Whether the topic is embryos or evolution, religious interests sometimes try to influence how science is taught and practiced. Frequently the perceived conflict between religion and science is understood as a debate about matters of factual observation. As a philosopher friend commented, "If your religion requires six literal days of creation, then it clashes with science." I find that the difference between the claims of religion and of science can be far subtler — a reflection of distinct human attitudes toward experience based on different types of faith.
By religion, I mean William James's inclusive description — the religious attitude as belief that the world has an unseen order, coupled with the desire to live in harmony with that order. James's description encompasses what we typically call religion: communal beliefs and practices as well as spirituality, the person's individual quest for meaning through spiritual encounter with the world.
Some years ago, I heard the following example used to illustrate the ability of scientific and religious attitudes to divide the me/here/now of everyday life experience into distinct potential domains of understanding and action. Imagine walking along a beach and coming upon a large and unusual rock. Two sets of possible questions arise. First set: What kind of rock is this? How did it get here? What can be done with it? Second set: What does it mean that this rock and I are sharing the beach together at this moment in time? What can this moment (or rock) teach me about the meaning of life?
The first set represents science and technology. Knowing the answers enables the control essential to obtain and use the rock according to one's needs and desires. The second set represents religion and spirituality. It concerns the meaning and purpose of the individual and of life. If your religion requires six literal days of creation, then it clashes with science. But if your religion teaches that the unseen order of the world has purpose and meaning, then is it at odds with science?
A conventional way to contrast scientific and religious thinking attributes reason to the former and faith to the latter. That approach obscures what seems to me to be a central element in trying to understand the relationship. Science, too, requires faith. The British empiricist philosophers emphasized that point in their critique of the possibility of knowledge. We have no assurance of our own existence or of matters of fact beyond immediate sense experience and memories. The idea of cause and effect, a central tenet of scientific thinking, depends on one's belief that the course of nature will continue uniformly tomorrow the same as today, a belief that cannot be proved.
Such ideas presented a potential challenge to the development of modern science — a challenge that science ignored completely. Instead, commented Alfred North Whitehead, we have an instinctive faith in the "order of nature." Einstein described that as faith in the rationality of the world, which he attributed to the sphere of religion. How ironic! I call it faith in intelligible design — faith that nature's patterns and structures can be understood.

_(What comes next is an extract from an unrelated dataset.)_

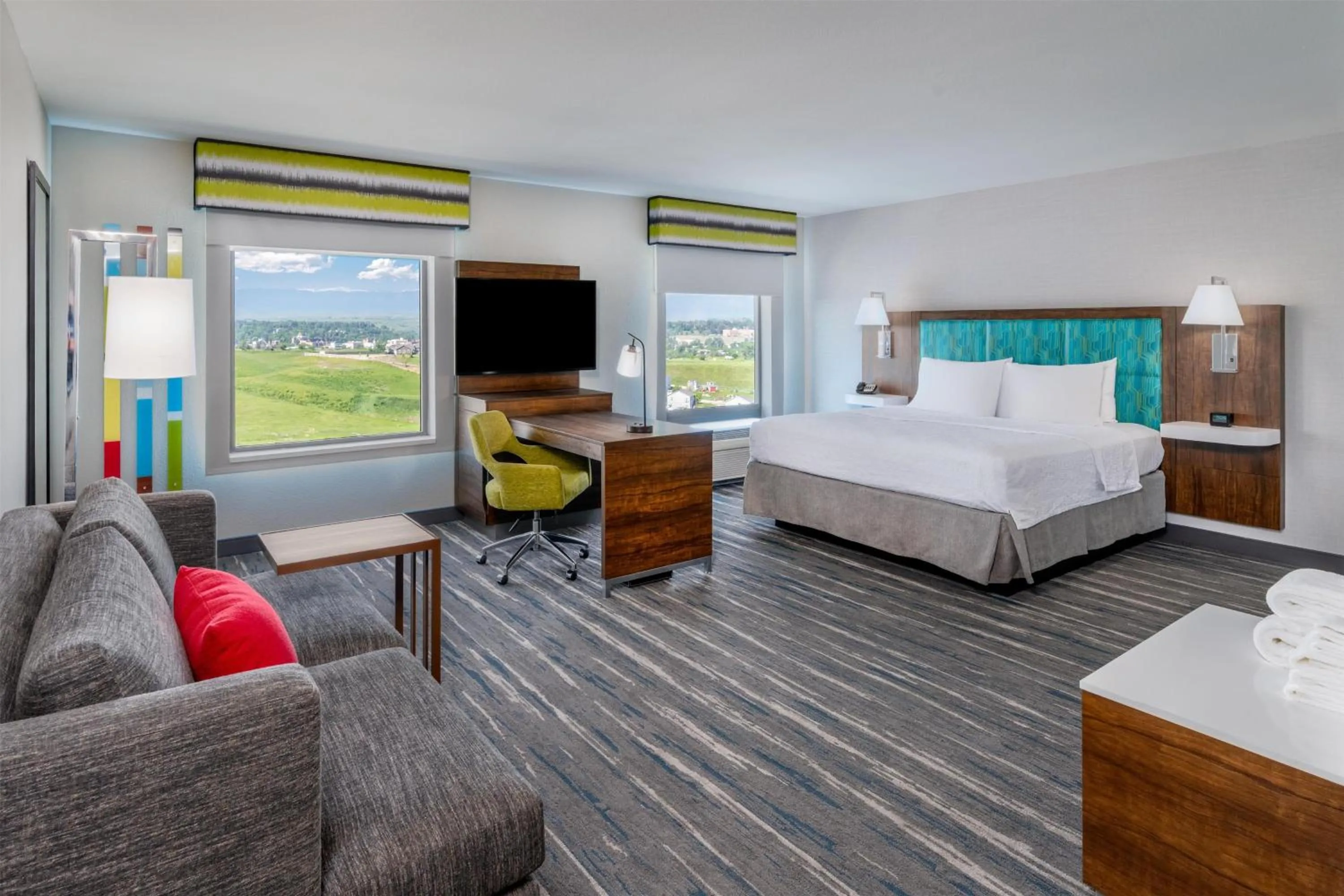 Bedroom, Bed in Hampton Inn Sheridan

Those of us who practice science share a faith in intelligible design. But when we do our work, how do we go beyond the me/here/now of personal experience, along with its potential for misinterpretation, error, and self-deception? The answer is that by sharing our experiences with one another, we aim to transform personal subjectivity into communal intersubjectivity. Through that transformation, the discovery claims of individual researchers become the credible discoveries of the scientific community — knowledge good for anyone/anywhere/anytime. Of course, the credible knowledge of science always remains truth with a small "t," open to the possibility of challenge and modification in the future. Nevertheless, given the extent to which humankind has succeeded in populating and controlling the world, science's faith in intelligible design appears to be well justified.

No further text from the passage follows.